In this embodiment, the refractive index of the index coupling
material IMM should be higher than those of the light-receiving
section IF1 and the light-coupling section IF2 in order for the
index coupling material IMM to focus light on a fiber core.
[0065] Alternatively, it is feasible that only one of the concave
surfaces IF11 and IF21 is provided, e.g., formed at the aforesaid
end of one of the optical fibers (i.e., either the light-receiving
section IF1 or the light-coupling section IF2), and in that case,
the index coupling material IMM forms a plano-convex condensing
lens instead. The present invention imposes no limitation on
whether there is one or two concave surfaces or whether the index
coupling material IMM forms a biconvex or plano-convex lens.
[0066] To effectively couple the light beam in the light-receiving
section IF1 to the light-coupling section IF2, the curvatures of
the concave surfaces IF11 and IF21 should not only match the
difference in core diameter between the light-receiving section IF1
and the light-coupling section IF2, but also take into account the
distance between the light-receiving section IF1 and the
light-coupling section IF2, wherein the core diameter difference is
highly correlated to the curvatures and spacing of the concave
surfaces IF11 and IF21. In a preferred embodiment, the
light-receiving section IF1 has a relatively large core diameter to
increase the light-receiving area of the light-receiving side P1.

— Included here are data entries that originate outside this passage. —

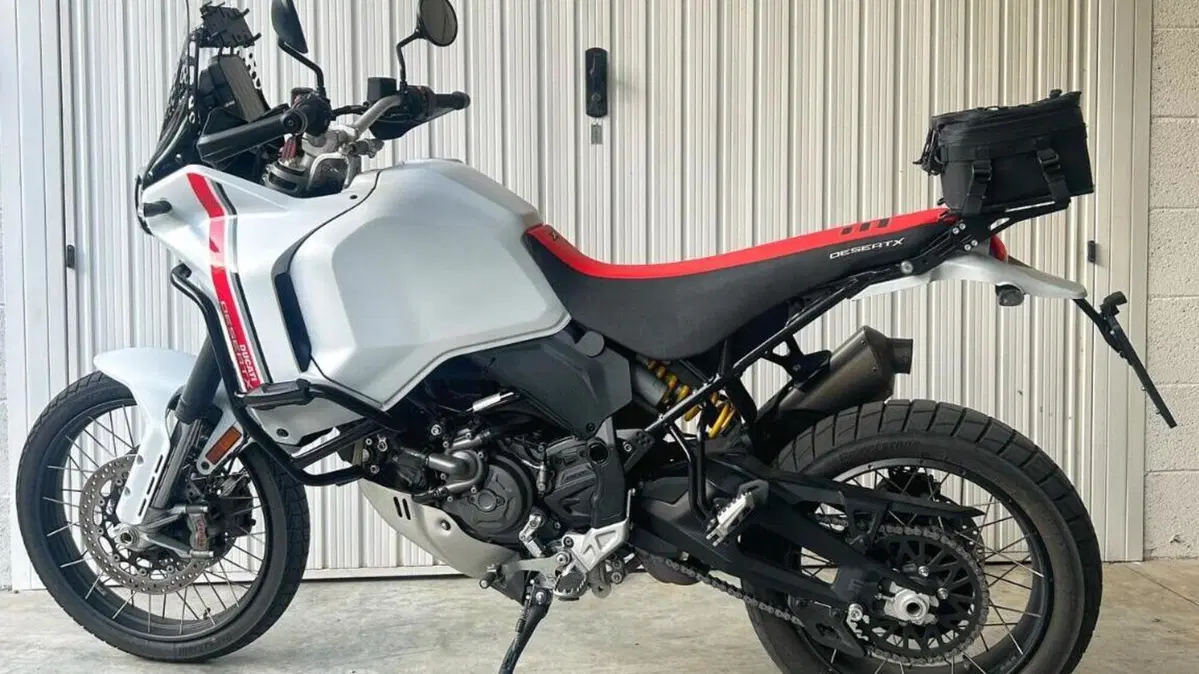 Ducati DesertX (2022 - 25)  (2)
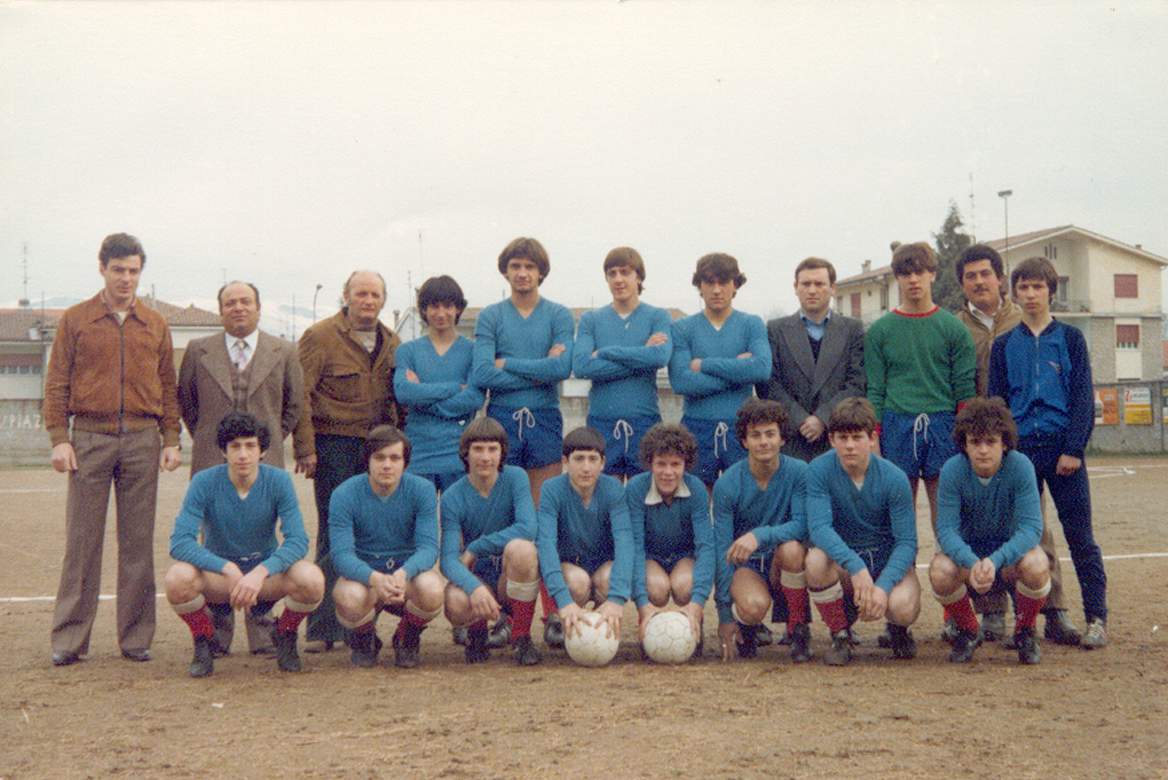 Ci sono:  in piedi: Vendramini Dino, Carnielli Armando, Tondello Ezzechiele, Morlin Sandro, Tondello Maurizio, Brunello Michele, Visentin Daniele, Precoma Sandro, Tonello Luca, Morlin Marco.  Sotto: Steccato Pasquale, Carniello Luciano, Rizzotto Luigino, Steccato Maurizio, Borlina Michele, Bettamin Michele, Bonora Ivano, Piccoli Stefano.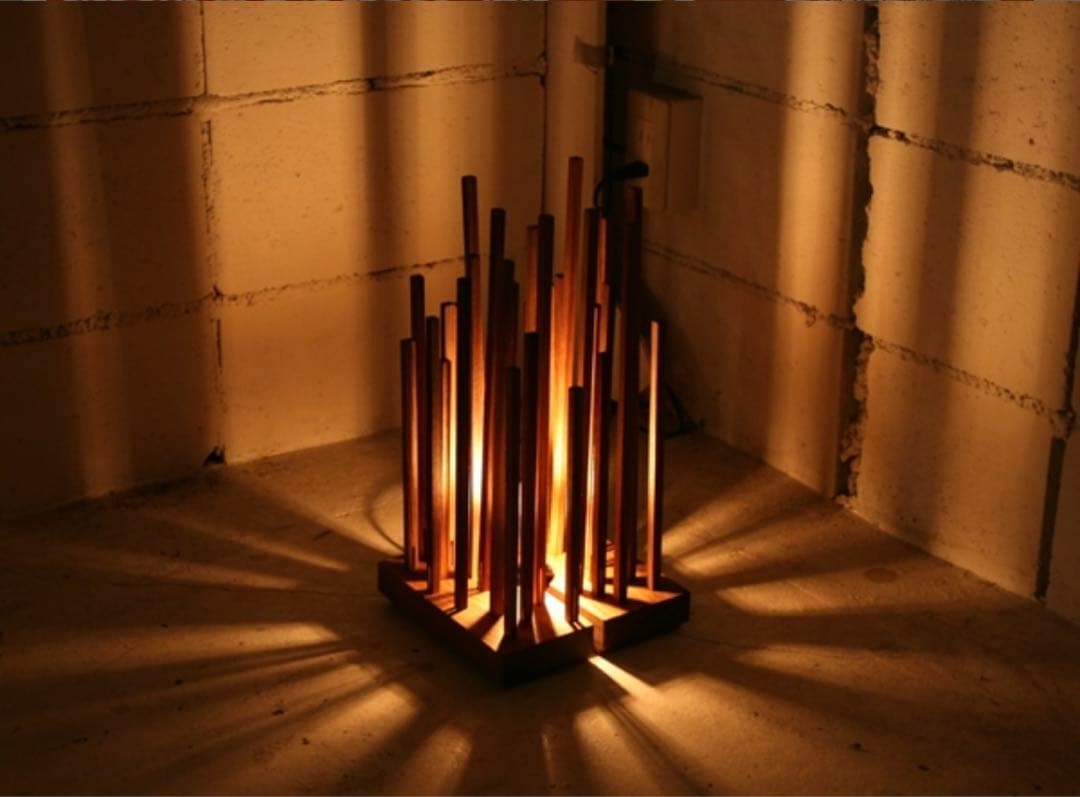 ツーアースリー グローブライト ウォールナット 丹羽望 造形作家 フロアライト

The coupling structure allows the core diameter of the
light-receiving section IF1 to be larger than or close to that of
the light-coupling section IF2, and yet an overly large difference
in core diameter may result in excessive loss between the
light-receiving section IF1 and the light-coupling section IF2. In
a preferred embodiment, such excessive loss is prevented by keeping
the core diameter difference between the light-receiving section
IF1 and the light-coupling section IF2 smaller than or equal to 107
.mu.m. The curvatures of the concave surfaces IF11 and IF21 and the
distance between the light-receiving section IF1 and the
light-coupling section IF2 can be controlled within their
respective desirable ranges when the core diameter difference is
smaller than or equal to 107 .mu.m, the upper limit value, however,
is not limited and should, in practice, take the requirements of
product specifications into consideration.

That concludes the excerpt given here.